B = log(ror) / log(49.5/50.5)

You decide what risk of ruin you are willing to accept. For example, if you want a 1% risk of ruin, then B = log(0.01) / log(49.5/50.5) = 230 bets. So if you have $1000, you would make bets of $4.34.

For a derivation of these formulas, see the first part of the derivation in this post (http://forumserver.twoplustwo.com/showthreaded.php?Cat=&Number=683150&page=0&view=ex panded&sb=5&o=14&fpart=2#Post682045683150). I also recently answered a similar question here (http://forumserver.twoplustwo.com/showthreaded.php?Cat=&Board=probability&Number=117 0950&Forum=,,All_Forums,,&Words=&Searchpage=1&Limi t=25&Main=1166221&Search=true&where=&Name=197&date range=&newerval=&newertype=&olderval=&oldertype=&b odyprev=#Post1170950).

If you are allowed to change the size of your wagers depending on your bankroll, you may want to use the Kelly Criterion to determine what fraction of your bankroll to bet.

The Kelly Criterion for rational gambling with an advantage says to maximize the expected logarithm of your bankroll. This will maximize the median growth of your bankroll. It recommend betting roughly so that your bankroll equals variance/edge. Here, the variance is about 1 square bet, and the edge is .01 bets, so the Kelly Criterion recommends that you choose your bet size so that your bankroll is about 100 bets.

If you bet according to the Kelly Criterion, you will never go broke because you are always betting only a proportion of your bankroll. However, there will still be fluctuations.
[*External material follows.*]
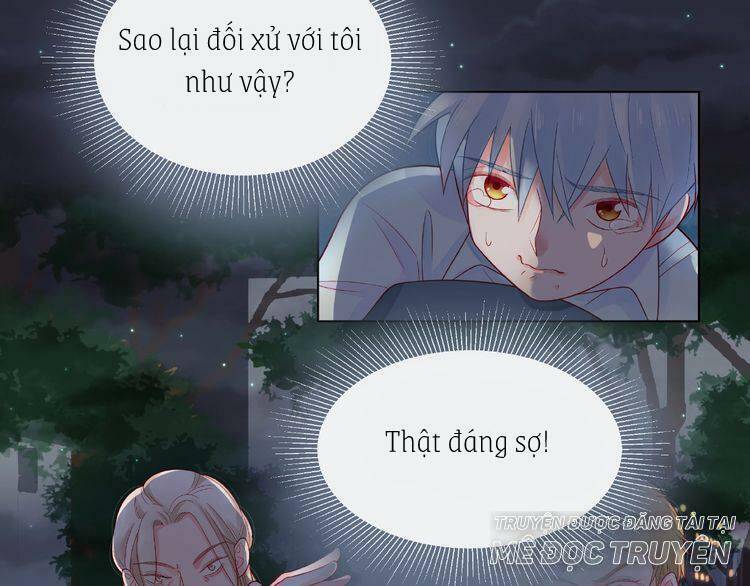 Giai Điệu Của Sự Va Chạm - Chapter 4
Your bankroll will be cut in half before it doubles 1/3 of the time. Your chance of ever falling to a fraction x of your initial bankroll is x. The probability that your bankroll would ever reach $100 is 1/10.

If you bet a fixed fraction of what the Kelly Criterion recommends, you can dramatically cut your downswings. If you bet 1/k of what the Kelly Criterion recommends, your chance ever to fall to x times your initial bankroll is x^(2k-1). If you bet 1/2 of what the Kelly Criterion recommends, k=2, and you will fall to $100 with probability (1/10)^(2*2-1)=1/1000. Your bankroll won't grow as quickly, but you may find these fluctuations more acceptable. See this paper (http://www.bjmath.com/bjmath/proport/riskpaper1.pdf).

If you bet more than twice as much as the Kelly Criterion recommends, your median result will be to lose. You will eventually fall past any fixed positive threshold with probability 1.